> MATERIALS PROVIDED
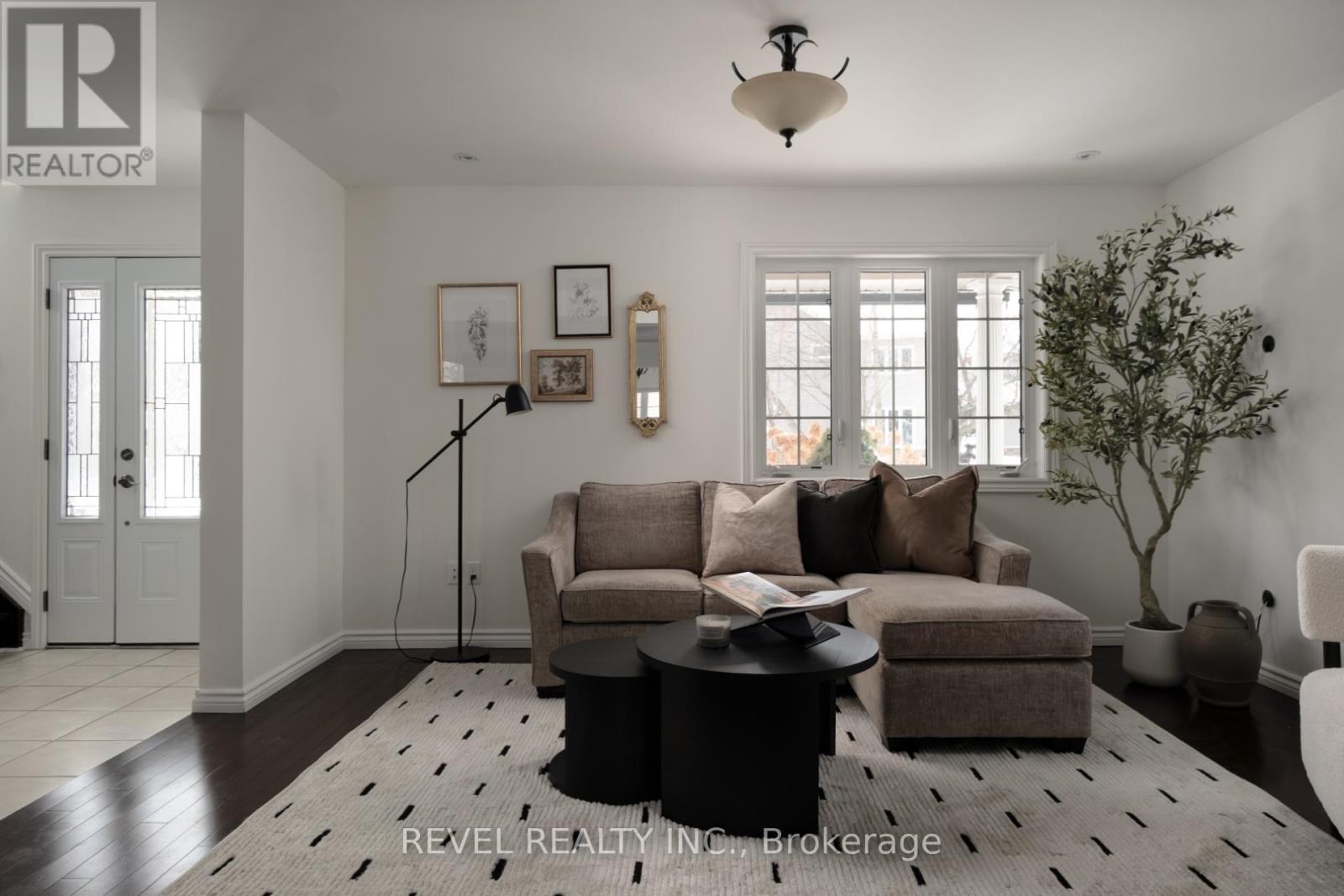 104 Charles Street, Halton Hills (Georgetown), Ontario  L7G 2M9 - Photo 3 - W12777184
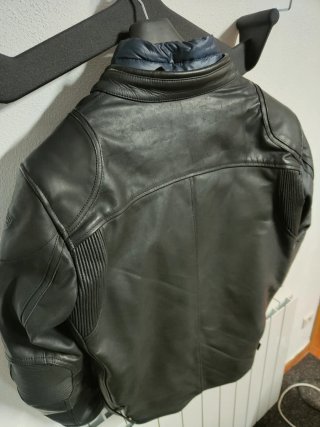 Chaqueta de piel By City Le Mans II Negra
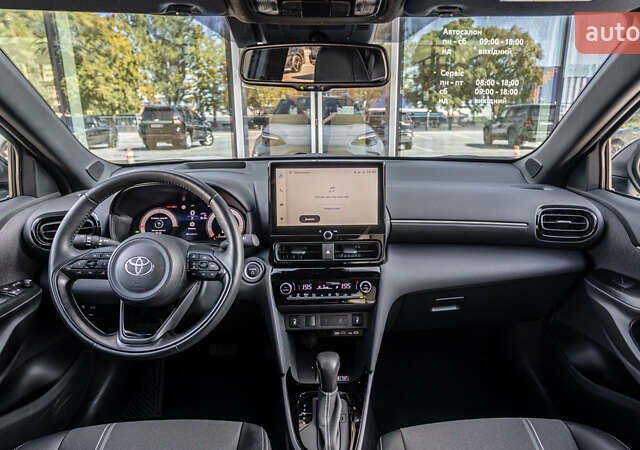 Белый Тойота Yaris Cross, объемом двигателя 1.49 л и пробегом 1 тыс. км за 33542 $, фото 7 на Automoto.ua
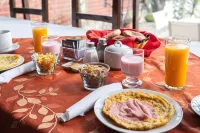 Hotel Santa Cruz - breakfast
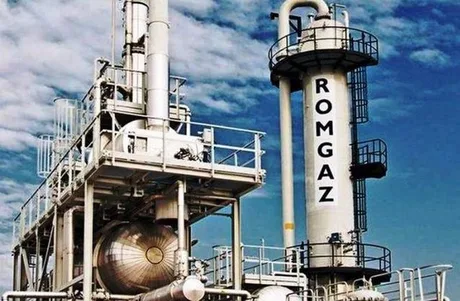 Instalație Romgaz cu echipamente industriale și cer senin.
---
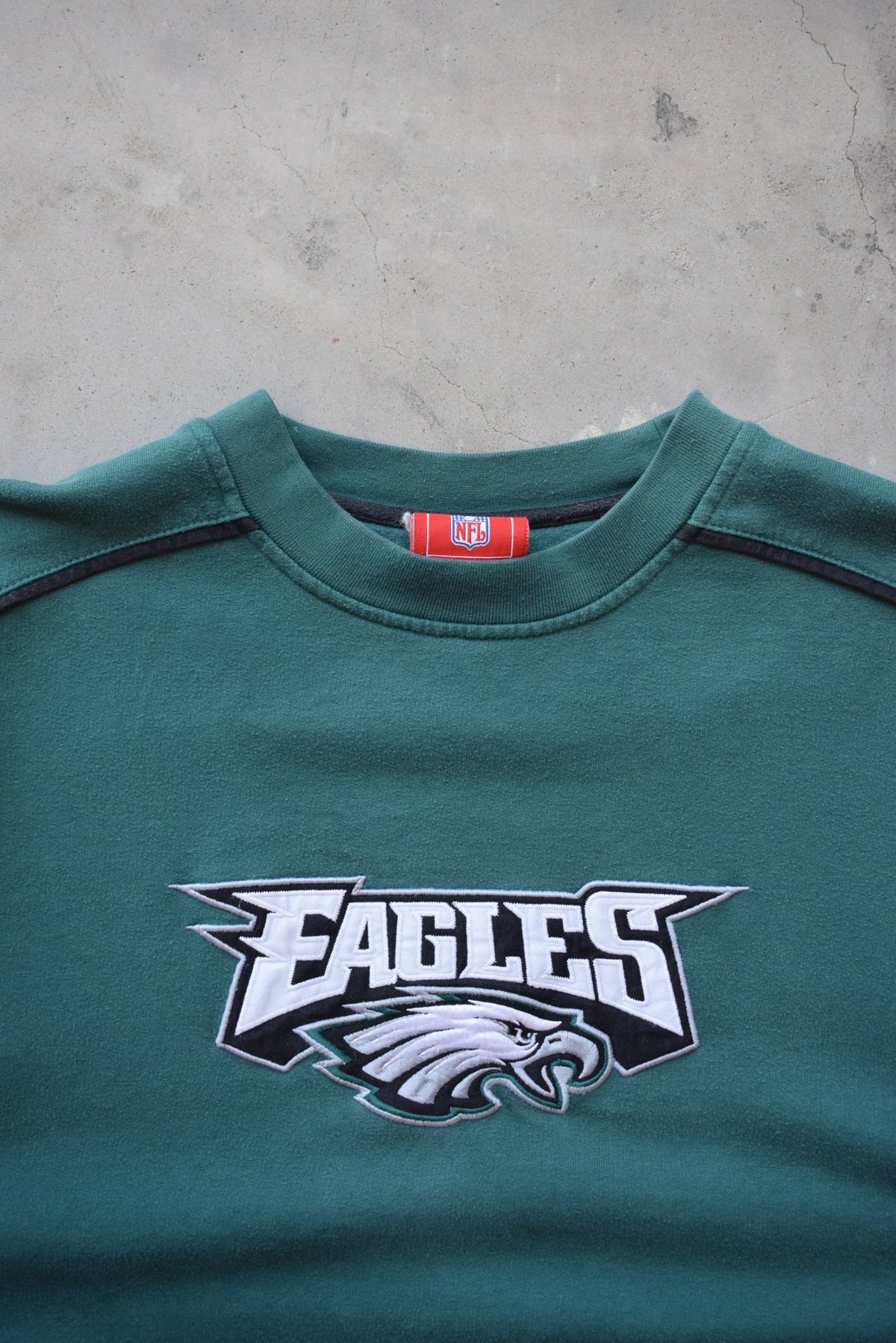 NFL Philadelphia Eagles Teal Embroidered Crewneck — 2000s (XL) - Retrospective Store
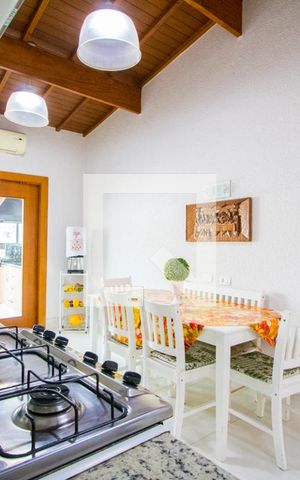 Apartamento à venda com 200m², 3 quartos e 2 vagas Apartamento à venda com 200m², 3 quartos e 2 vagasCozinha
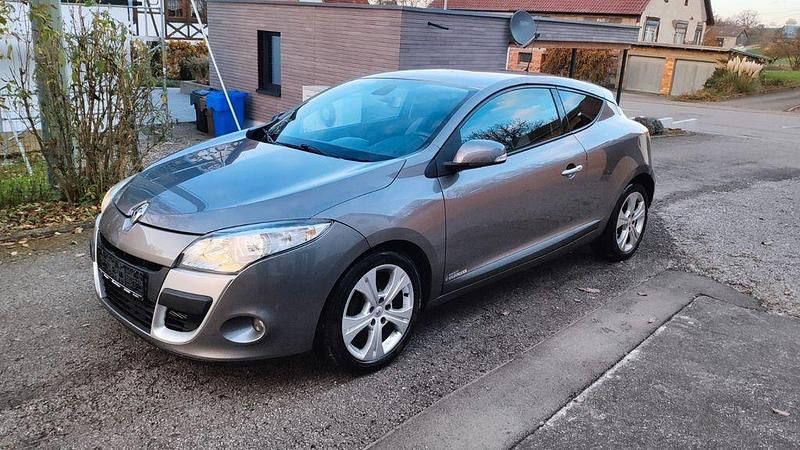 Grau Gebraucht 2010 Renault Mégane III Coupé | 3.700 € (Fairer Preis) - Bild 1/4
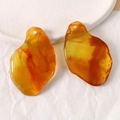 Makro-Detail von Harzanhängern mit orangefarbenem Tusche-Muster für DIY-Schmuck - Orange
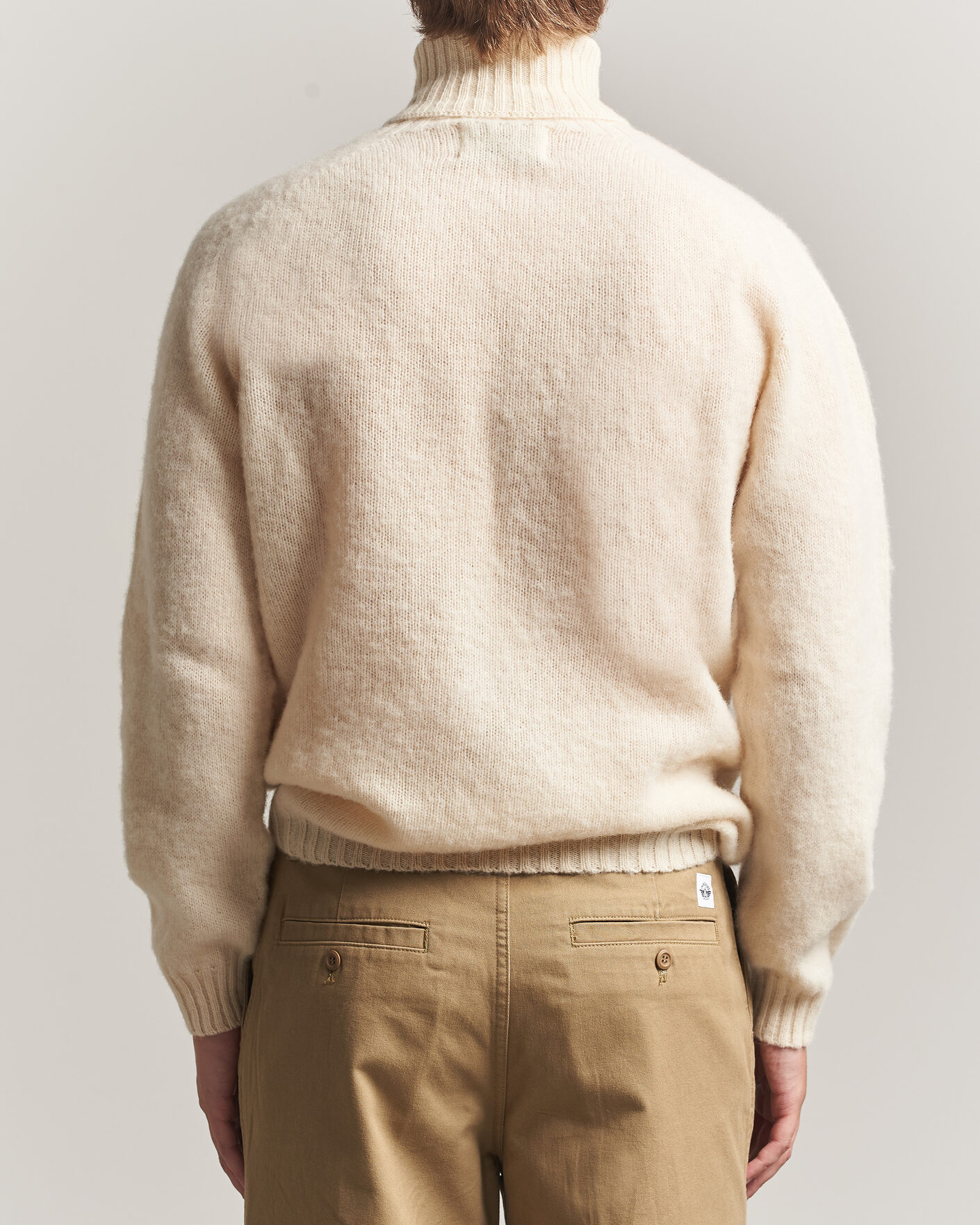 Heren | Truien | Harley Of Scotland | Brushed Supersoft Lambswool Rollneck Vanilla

> TASK BRIEF
Output exactly, and only, the lines of the entries above from the one with "Белый Тойота Yaris" up to and including the one with "Instalație Romgaz cu"; pictures are to be left out.

> SOLUTION FOR THIS TASK
 Белый Тойота Yaris Cross, объемом двигателя 1.49 л и пробегом 1 тыс. км за 33542 $, фото 7 на Automoto.ua
 Hotel Santa Cruz - breakfast
 Instalație Romgaz cu echipamente industriale și cer senin.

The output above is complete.